**Problem description:**
Set the listing down exactly; no pictures.

**Source data:**

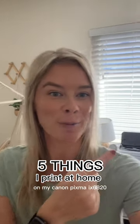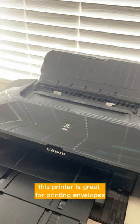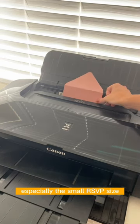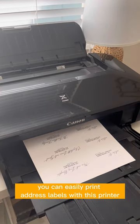Five things I would print at home on my Canon PIXMA printer — DIY wedding edition. This printer is great for printing envelopes, especially the small RSVP size. If you're not actually printing on envelopes, you can easily print address labels with this printer.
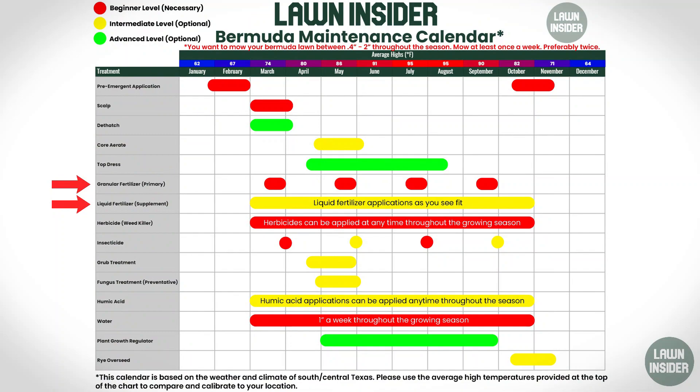As far as your liquid and granular fertilizer applications, I would just continue those business as usual unless your yard is showing considerable signs of stress. Then you might want to consider switching from a higher nitrogen content fertilizer to a stress blend, which contains less nitrogen and more potassium. If you're interested in something like that, I'll leave a link in the description box below.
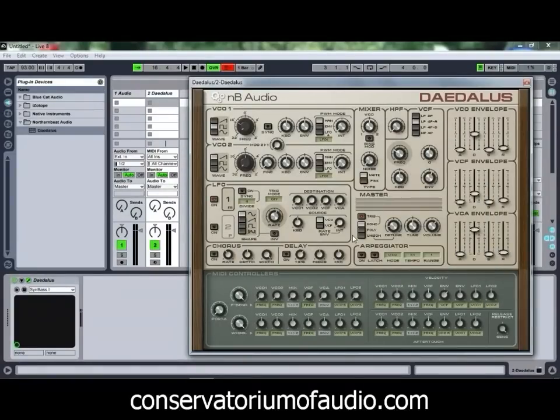You can make a donation to Northern Beat Audio in order to remove the NAG screen, and as you can see it's fairly simply laid out. You've got your first and second oscillator, a mixer to control the blend between the two oscillators, as well as ring modulation and white and pink noise. You've got a couple of filters including a simple high-pass filter, as well as a VCF which gives you both low-pass and high-pass modes.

**Expected answer:**
Five things I would print at home on my Canon PIXMA printer — DIY wedding edition. This printer is great for printing envelopes, especially the small RSVP size. If you're not actually printing on envelopes, you can easily print address labels with this printer.
As far as your liquid and granular fertilizer applications, I would just continue those business as usual unless your yard is showing considerable signs of stress. Then you might want to consider switching from a higher nitrogen content fertilizer to a stress blend, which contains less nitrogen and more potassium. If you're interested in something like that, I'll leave a link in the description box below.
You can make a donation to Northern Beat Audio in order to remove the NAG screen, and as you can see it's fairly simply laid out. You've got your first and second oscillator, a mixer to control the blend between the two oscillators, as well as ring modulation and white and pink noise. You've got a couple of filters including a simple high-pass filter, as well as a VCF which gives you both low-pass and high-pass modes.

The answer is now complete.